The starting point is the original document as follows:
library(tm)
library(qdap)
df1 <- data.frame(word =c("test", "test", "teste", "hey", "heyyy", "hi"))
tdm <- as.DocumentTermMatrix(as.character(df1$word))
When I create a frequency table of the original document I get the correct results:
freq0 <- as.matrix(sort(colSums(as.matrix(tdm)), decreasing=TRUE))
freq0
So far so good. However, if replace some terms in the document then the new frequency table gets wrong results:
tdm$dimnames$Terms <- mgsub(c("teste", "heyyy"), c("test", "hey"), as.character(tdm$dimnames$Terms), fixed=T, trim=T)

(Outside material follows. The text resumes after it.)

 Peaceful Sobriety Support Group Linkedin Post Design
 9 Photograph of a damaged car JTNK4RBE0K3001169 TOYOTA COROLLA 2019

freq1 <- as.matrix(sort(colSums(as.matrix(tdm)), decreasing=TRUE))
freq1
Obviously or perhaps some indexing in the document is wrong because even same terms are not regarded as identical while counting the terms.
This outcome should be the ideal case:
df2 <- data.frame(word =c("test", "test", "test", "hey", "hey", "hi"))
tdm2 <- as.DocumentTermMatrix(as.character(df2$word))
tdm2$dimnames$Terms <- mgsub(c("teste", "heyyy"), c("test", "hey"), as.character(tdm2$dimnames$Terms), fixed=T, trim=T)
freq2 <- as.matrix(sort(colSums(as.matrix(tdm2)), decreasing=TRUE))
freq2
Can anyone help me to figure out the problem?
Thx in advance
Upvotes: 2
Views: 249
Reputation: 887501
We can look at the structure of as.matrix(tdm)
str(as.matrix(tdm))
#num [1, 1:5] 1 1 1 2 1
# - attr(*, "dimnames")=List of 2
# ..$ Docs : chr "all"
# ..$ Terms: chr [1:5] "hey" "heyyy" "hi" "test" ...
which is one row, 5 column matrix, so colSums
is basically not doing anything.
xtabs(as.vector(tdm)~tdm$dimnames$Terms)
#tdm$dimnames$Terms
# hey heyyy hi test teste
# 1 1 1 2 1
and after replacing using mgsub
xtabs(as.vector(tdm)~tdm$dimnames$Terms)
#tdm$dimnames$Terms
# hey hi test
# 2 1 3
The xtabs
does the sum
of the vector
. This can also be done with tapply
tapply(as.vector(tdm), tdm$dimnames$Terms, FUN = sum)
If the number of rows are greater than 1, we can use colSums
tapply(colSums(as.matrix(tdm)), tdm$dimnames$Terms, FUN = sum)
# hey hi test
# 4 2 6
NOTE: The above output is after we made the changes with mgsub
Upvotes: 2